For the aforementioned reasons, we devised an EPA to treat the REF. This procedure is simple, has a short operative time, can be performed even under local anaesthesia, does not reach the abdominal cavity, and has the advantage of not being affected by adhesions from the previous surgery. The fistula was transected by separating and ligating it as deep as possible on the intestinal side, reducing the pressure on the intestinal side of the fistula, and closing it by causing scarring at the transected point. In this procedure, we consider that the fistula can be easily separated from the surrounding tissue as deeply as possible with good visual field, and aesthetic outcomes of the wound can be improved along the skin dividing line by creating a spindle-shaped incision of approximately 3–5 cm around the fistula.
The success rate of EPA for REF was 80%, with good results. If the patient was judged to be operable under general anaesthesia, EPA was performed under general anaesthesia in case of unexpected fistula injury or laparotomy.
This study had some limitations. First, it was retrospective and was conducted at a single centre with a small number of patients. Further studies using data from a large-scale, multicentre registry should be conducted in the future. Second, this study is limited to button jejunostomy and may not be applicable to REF in other jejunostomy creation methods.
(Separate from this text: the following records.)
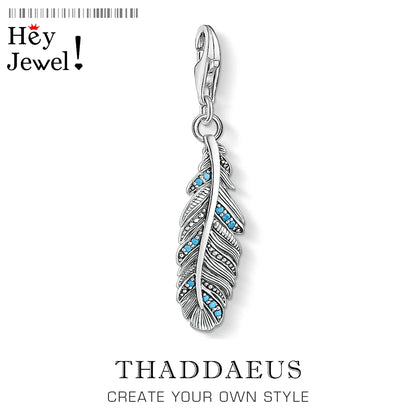 Mode Neue 925 Sterling Silber Feder Blau Anhänger Charme Für Frauen Männer Trendy Zubehör Herstellung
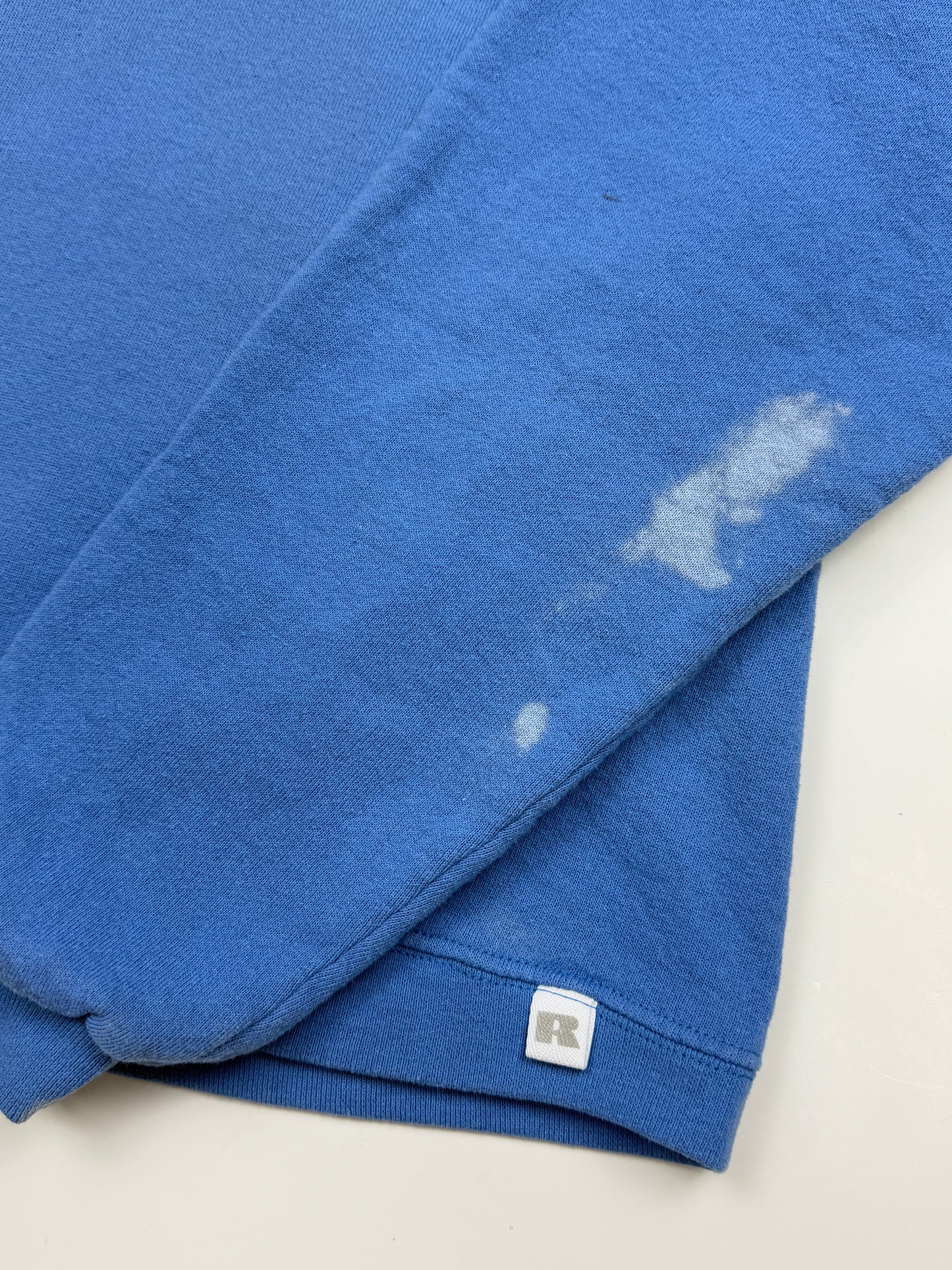 Russell Athletic Cropped Boxy Fit Blank Crewneck Sweatshirt Size M Womens Baby Blue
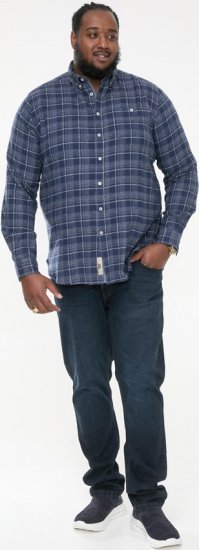 D555 SONNY Navy Check Long Sleeve Shirt With Chest Patch Pocket & Button Down Collar Navy Check - Košile - Košile 2XL-10XL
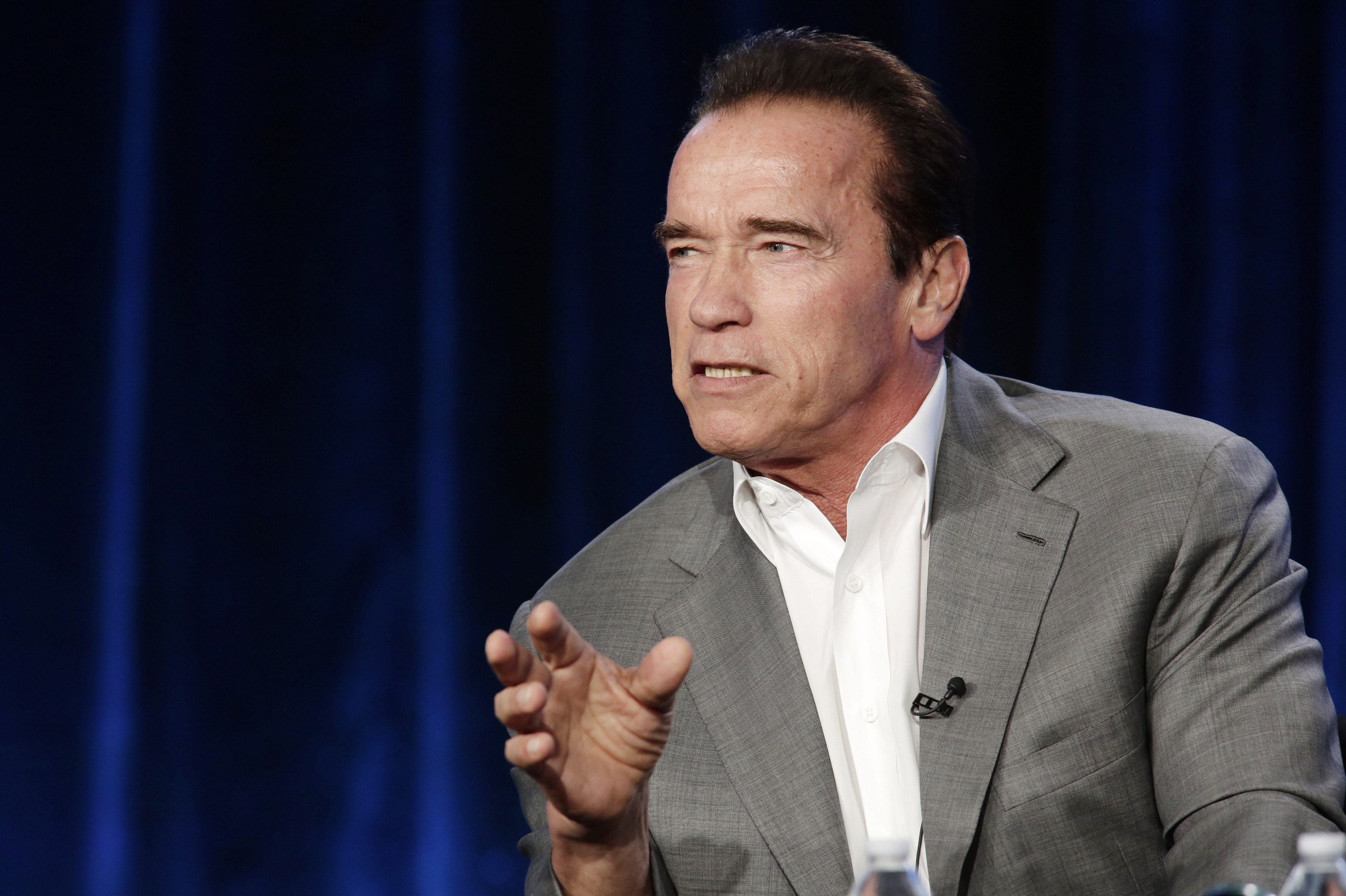 Executive Producer/Correspondent Arnold Schwarzenegger seen at Showtime's 2014 Winter TCA, on Thursday, Jan. 16, 2014 in Pasadena, Calif. (Photo by Eric Charbonneau/Invision for Showtime/AP Images)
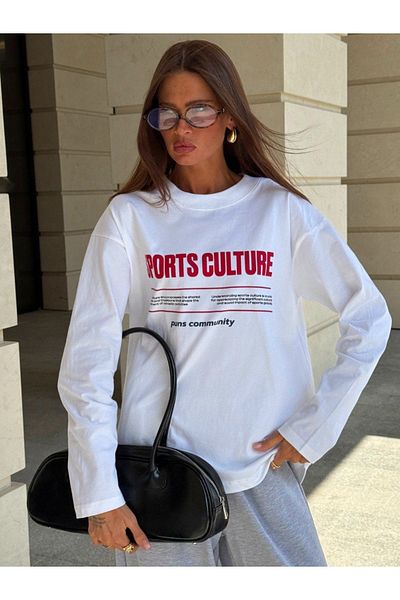 sole stories Passion Women's 100% Cotton Crew Neck Oversize Fit Long Sleeve White T-Shirt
Third, fistula closure using a single EPA may not be effective in high-risk patients with cancer recurrence or poor nutrition. In addition, the definition of REF remains controversial, and in this study, the timing of performing the EPA was not unified. Finally, considering that the high incidence rate of REF after removal of the button jejunostomy (31.9%), instead of performing button jejunostomy routinely, early removal of the button jejunostomy or Witzel jejunostomy should be considered depending on the patients’ risk.